(WHAT IS NEEDED):
Transcribe the full listing without changing a word, and omit its pictures.

(SUPPLIED DATA):
- Opening Delimiter -

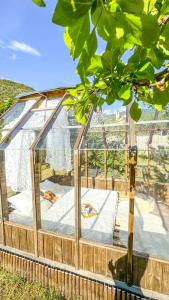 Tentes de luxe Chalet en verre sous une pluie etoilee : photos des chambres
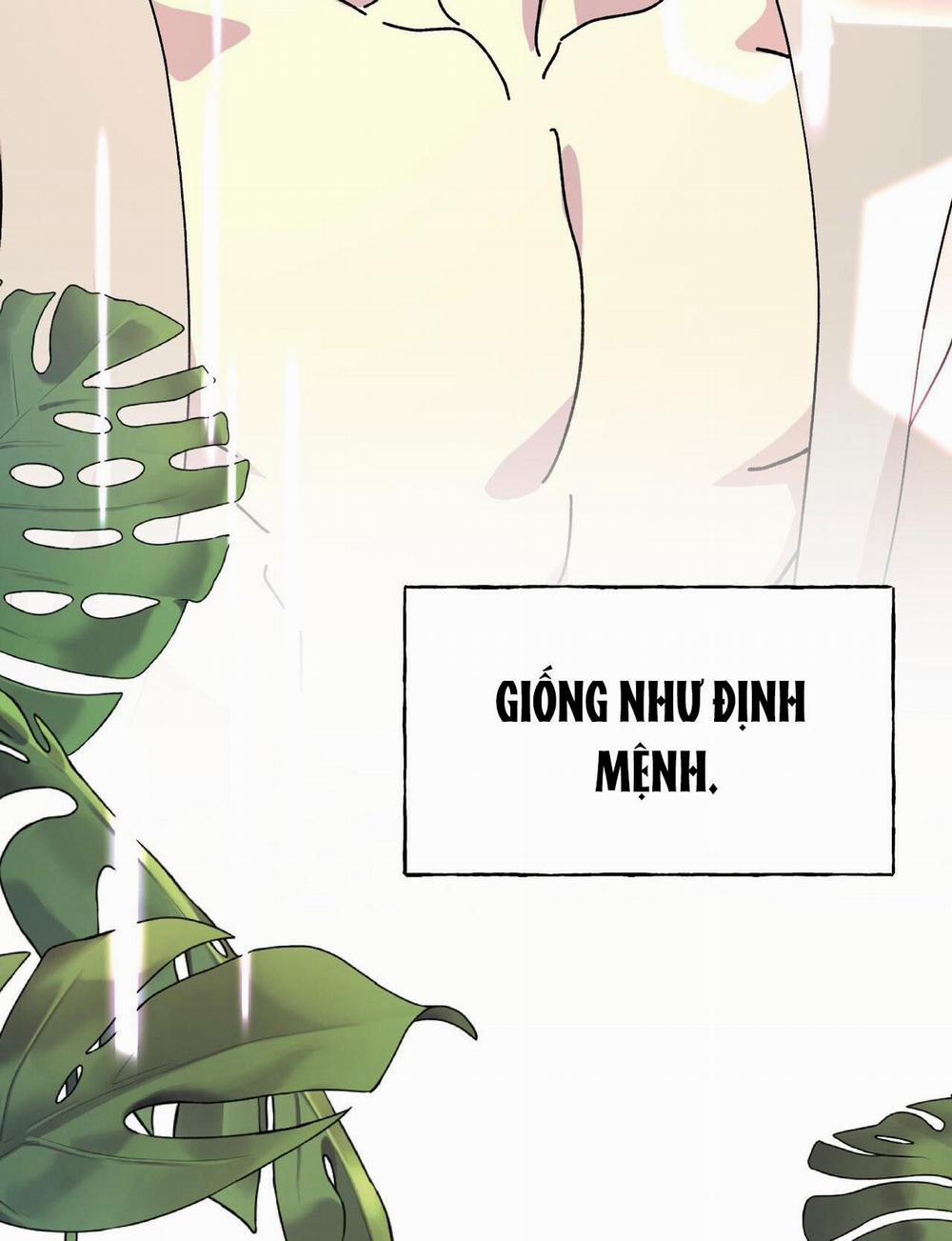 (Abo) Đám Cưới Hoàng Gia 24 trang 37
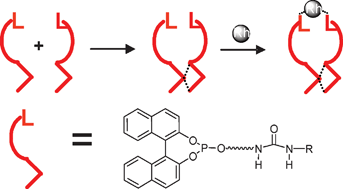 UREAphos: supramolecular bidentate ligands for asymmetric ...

- Closing Delimiter -

(EXERCISE RESULT):
 Tentes de luxe Chalet en verre sous une pluie etoilee : photos des chambres
 (Abo) Đám Cưới Hoàng Gia 24 trang 37
 UREAphos: supramolecular bidentate ligands for asymmetric ...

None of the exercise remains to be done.